Ora Moghaddam voleva procedere verso gli Scud 30, con gittata di 500 km. Ma il vero obiettivo era portare il sistema Shahab a oltre 1000 km (Shahab 3), per poter usare la spada di Damocle di un attacco missilistico contro Israele, dall'Iran occidentale, come deterrente di qualsiasi attacco militare contro l'Iran.

In pratica l'apice dell'evoluzione missilistica in Iran si ebbe dalla seconda metà degli anni '80 alla seconda metà degli anni '90. Nell'arco di un decennio gli iraniani svilupparono una tecnologia che in Russia o negli USA poteva essere sviluppata nell'arco di un trentennio.  

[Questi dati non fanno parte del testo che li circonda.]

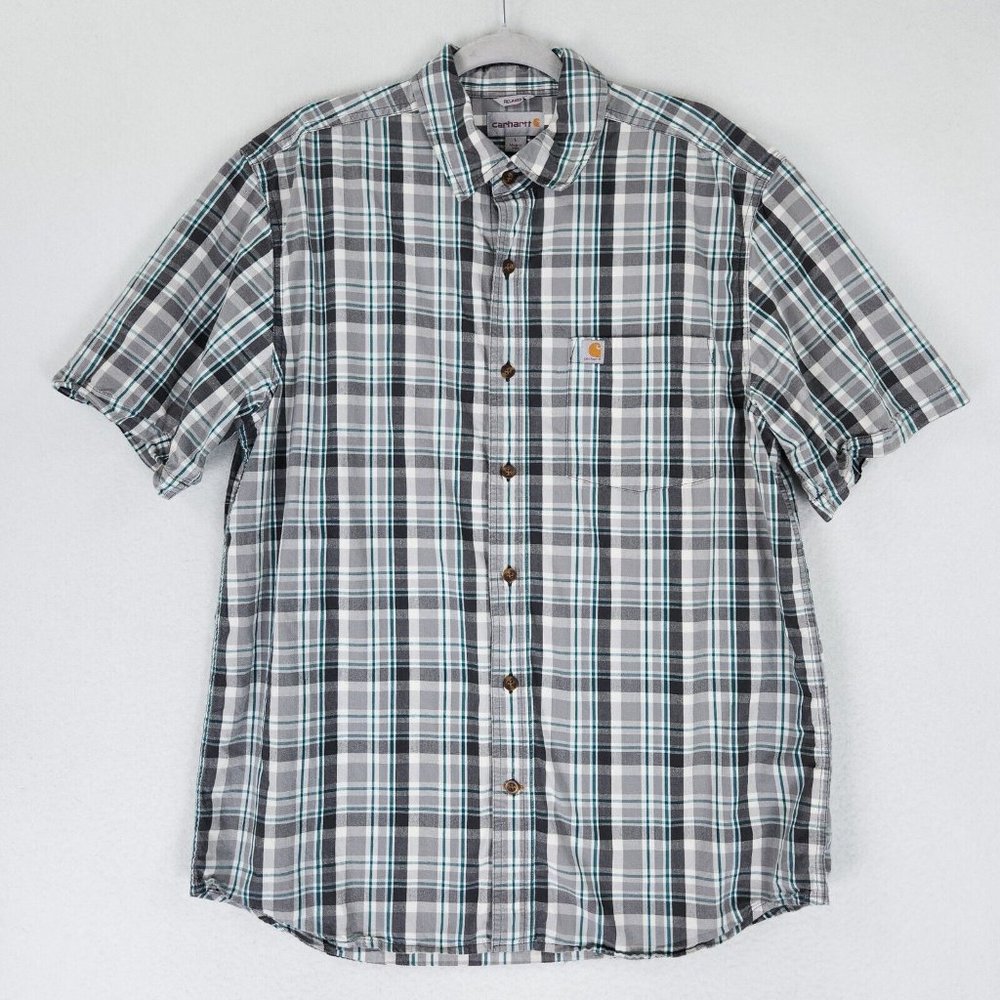 Carhartt Shirt Mens Large Gray Teal Plaid Relaxed Fit Short Sleeve Lightweight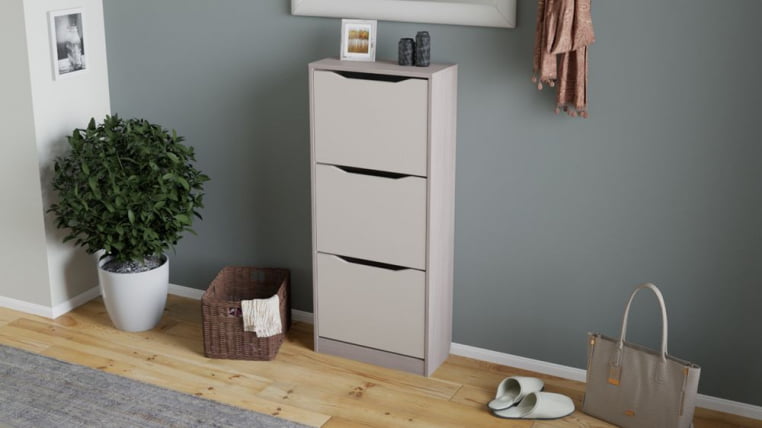 Тумба для обуви Тетра тип 1 Ясень Шимо/Фон Бежевый глянец_2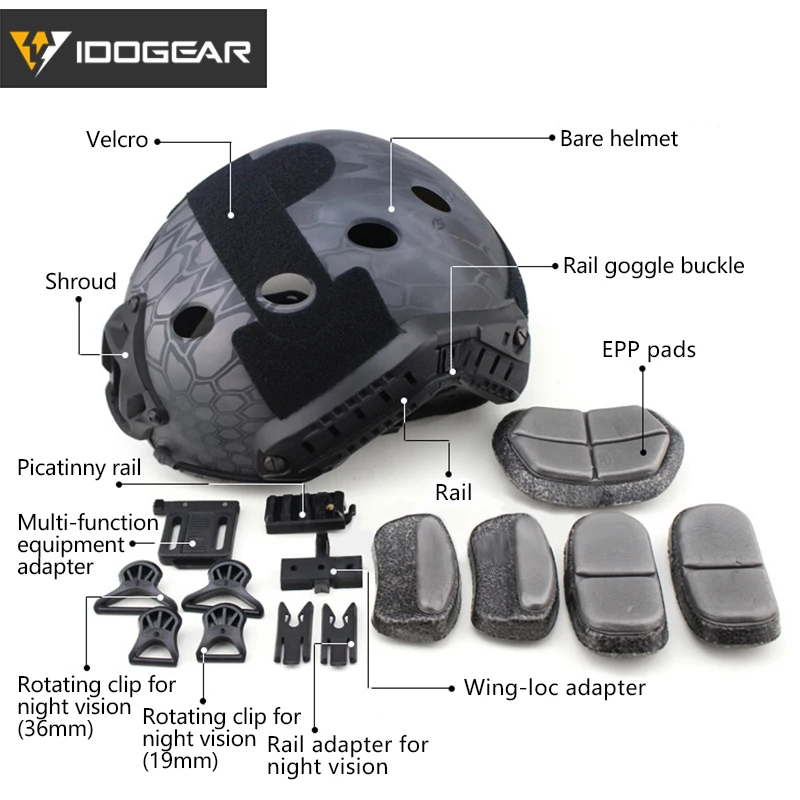 IDOGEAR Tacitcal Быстрый Шлем PJ Тип Расширенная настройка w/NVG кожух + Боковая рейка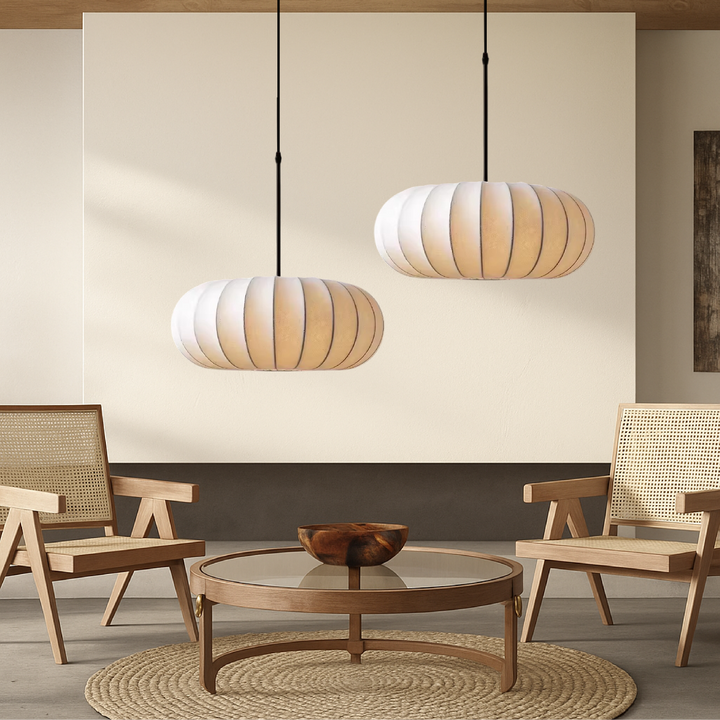 Lámpara de techo Verona – Pantalla de seda hecha a mano con luz cálida y diseño minimalista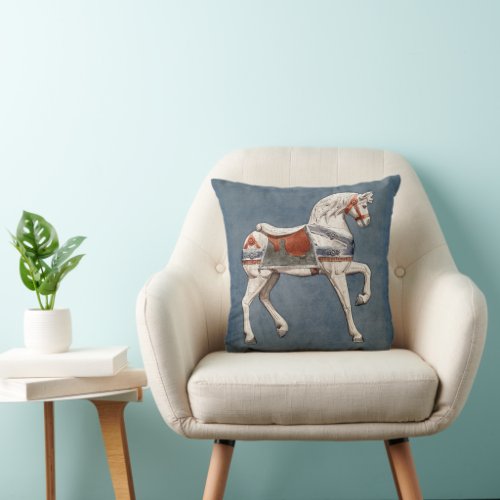 Carousel Horse by Henry Murphy  Throw Pillow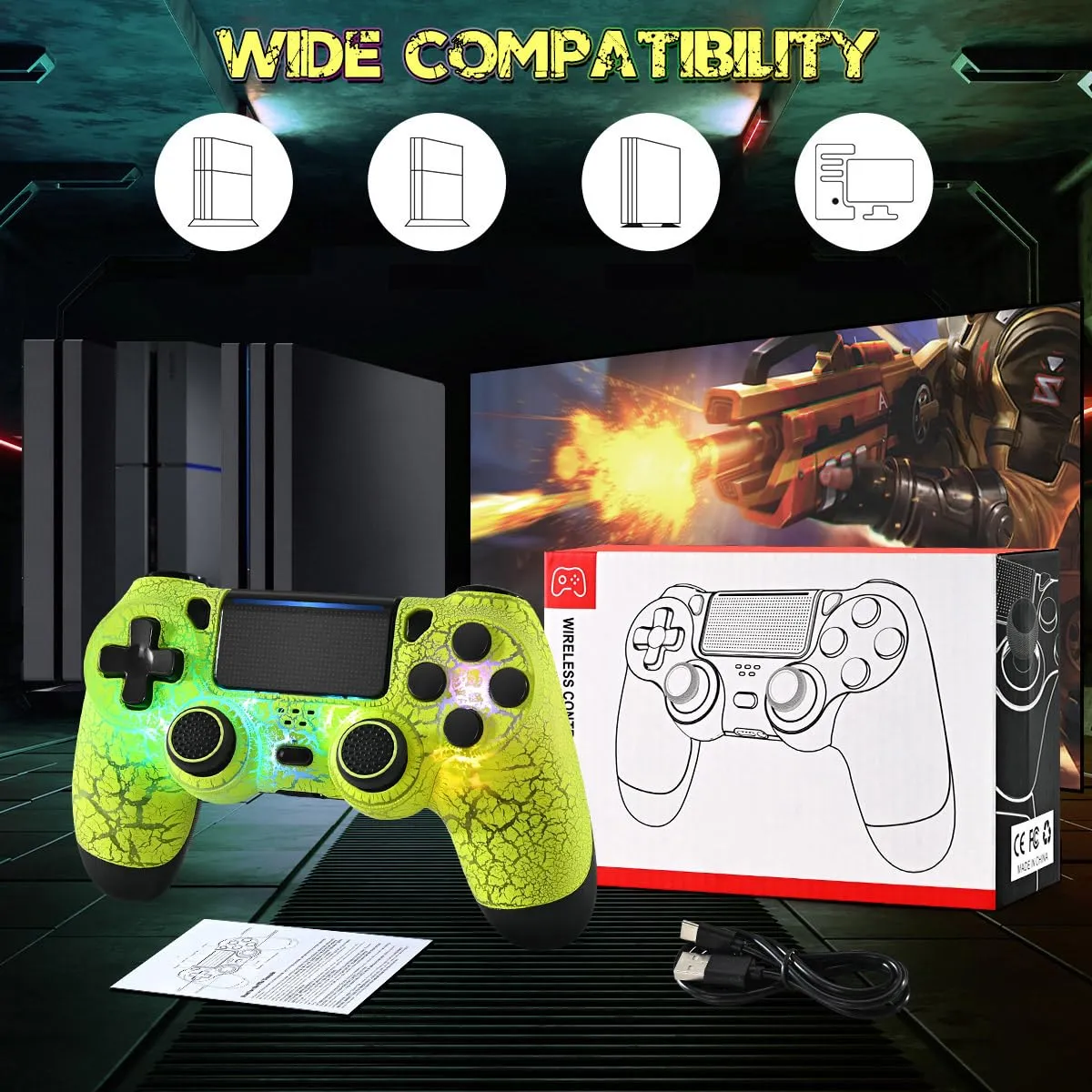 MOOGOLE Wireless Controller Compatible with PS4 - with 7 Lighting Modes, 7 Colors LED Light, Unique Crack, 2 Thumb Grips, Dual Vibration Feedback, 6-Axis Motion Sensing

Il passo successivo fu un sistema missilistico che in alcuni suoi modelli può sfiorare i 2000 km di gittata con un potenziale distruttivo enorme.



MISSILE QADR, ARRIVA A 2000 KM DI GITTATA

Oggi il sistema missilistico indigeno iraniano è uno dei più importanti all'interno dei paesi in via di sviluppo e la sua capacità è tale per cui, vista la gittata superiore ai 1000 km, possono essere colpiti dal territorio iraniano, tutti i paesi limitrofi all'Iran e tutti i punti sensibili: dalle basi NATO in Turchia, alle basi americane in Medio Oriente e nel Golfo Persico, fino al territorio dello stato israeliano. Per cui, tutte le minacce esterne alla sicurezza nazionale iraniana, nell'alveo della guerra ordinaria, sono sotto il tiro del potenziale missilistico della Repubblica Islamica dell'Iran, che userebbe questo potenziale solo ed esclusivamente per difendersi da quei governi che minacciano l'Iran di guerra. Proprio per questo il problema missilistico è al centro dei dibattiti della comunità internazionale con l'Iran: le potenze avverse alla Repubblica Islamica sanno bene che senza i suoi missili esiste una vulnerabilità. Perdere i missili per l'Iran vuol dire essere vulnerabile militarmente. L'esempio della Libia di Gheddafi è lampante: un paese che negli anni '80 aveva aiutato l'Iran a porre le basi per le ricerche nell'ambito missilistico, negli anni 2000 si trovava in una situazione nemmeno paragonabile alla Repubblica Islamica. In Iran ci sono missili indigeni con gittata superiore ai 1000 km, in Libia non c'era più niente, per questo il paese africano è stato attaccato e distrutto. Gheddafi aveva ceduto alle pressioni internazionali, smantellando il proprio sistema missilistico di matrice russa, in cambio di aiuti e collaborazione economica. Oggi non ci sono più né missili, né aiuti economici, né Gheddafi, né una Libia intesa come stato nazionale indipendente. I dirigenti ad alto livello della Repubblica Islamica dell'Iran sanno che abdicare al sistema missilistico, in cambio di "aiuti economici", vuol dire consegnare nel giro di un decennio il paese nelle mani dei bulli della comunità internazionale. La storia è maestra di vita.

P.S. Hassan Tehrani Moghaddam, il padre del programma missilistico autoctono della Repubblica Islamica dell'Iran, dopo anni di onorato servizio, ha raggiunto il martirio in tempi recenti, per via di una esplosione nei pressi di Teheran.